For the data below, restate word for word only the lines from the line containing "f0122259_2131261.jpg" through the line containing "Osteospermum", both ends included.

## Supplied information
# # # # #
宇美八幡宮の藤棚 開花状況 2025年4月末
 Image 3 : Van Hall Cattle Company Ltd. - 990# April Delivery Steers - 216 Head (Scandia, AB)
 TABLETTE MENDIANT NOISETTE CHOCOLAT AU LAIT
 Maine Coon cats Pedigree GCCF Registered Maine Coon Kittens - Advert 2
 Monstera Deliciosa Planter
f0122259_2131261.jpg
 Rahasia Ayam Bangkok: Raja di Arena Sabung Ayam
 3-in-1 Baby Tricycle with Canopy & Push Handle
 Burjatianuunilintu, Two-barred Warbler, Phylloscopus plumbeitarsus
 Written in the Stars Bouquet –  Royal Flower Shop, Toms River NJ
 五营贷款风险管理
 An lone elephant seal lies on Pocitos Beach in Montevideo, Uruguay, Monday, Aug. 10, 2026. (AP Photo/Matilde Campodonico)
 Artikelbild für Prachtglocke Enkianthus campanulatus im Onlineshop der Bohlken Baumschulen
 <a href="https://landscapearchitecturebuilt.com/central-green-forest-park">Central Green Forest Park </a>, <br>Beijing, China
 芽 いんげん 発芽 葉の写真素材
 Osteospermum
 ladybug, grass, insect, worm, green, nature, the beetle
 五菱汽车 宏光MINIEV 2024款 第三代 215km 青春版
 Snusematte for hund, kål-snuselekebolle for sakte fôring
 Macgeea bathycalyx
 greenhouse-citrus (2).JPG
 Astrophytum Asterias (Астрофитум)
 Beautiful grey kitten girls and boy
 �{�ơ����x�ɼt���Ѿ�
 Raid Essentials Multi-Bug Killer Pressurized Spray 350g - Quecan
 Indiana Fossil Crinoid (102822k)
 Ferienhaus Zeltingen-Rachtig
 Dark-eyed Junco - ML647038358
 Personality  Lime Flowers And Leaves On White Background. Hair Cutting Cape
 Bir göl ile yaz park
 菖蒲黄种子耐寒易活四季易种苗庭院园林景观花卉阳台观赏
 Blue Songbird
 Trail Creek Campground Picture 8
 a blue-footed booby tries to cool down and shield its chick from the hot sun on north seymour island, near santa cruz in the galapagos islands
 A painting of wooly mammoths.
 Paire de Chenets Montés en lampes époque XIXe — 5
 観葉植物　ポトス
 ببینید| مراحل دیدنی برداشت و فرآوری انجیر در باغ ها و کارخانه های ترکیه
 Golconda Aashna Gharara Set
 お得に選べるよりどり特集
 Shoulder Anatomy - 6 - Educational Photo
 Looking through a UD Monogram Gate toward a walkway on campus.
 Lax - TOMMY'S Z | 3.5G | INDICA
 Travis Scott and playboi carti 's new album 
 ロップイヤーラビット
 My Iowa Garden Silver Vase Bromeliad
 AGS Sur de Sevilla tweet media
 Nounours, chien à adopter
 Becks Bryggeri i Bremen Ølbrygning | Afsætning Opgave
# # # # #
## Output for this exercise
f0122259_2131261.jpg
 Rahasia Ayam Bangkok: Raja di Arena Sabung Ayam
 3-in-1 Baby Tricycle with Canopy & Push Handle
 Burjatianuunilintu, Two-barred Warbler, Phylloscopus plumbeitarsus
 Written in the Stars Bouquet –  Royal Flower Shop, Toms River NJ
 五营贷款风险管理
 An lone elephant seal lies on Pocitos Beach in Montevideo, Uruguay, Monday, Aug. 10, 2026. (AP Photo/Matilde Campodonico)
 Artikelbild für Prachtglocke Enkianthus campanulatus im Onlineshop der Bohlken Baumschulen
 <a href="https://landscapearchitecturebuilt.com/central-green-forest-park">Central Green Forest Park </a>, <br>Beijing, China
 芽 いんげん 発芽 葉の写真素材
 Osteospermum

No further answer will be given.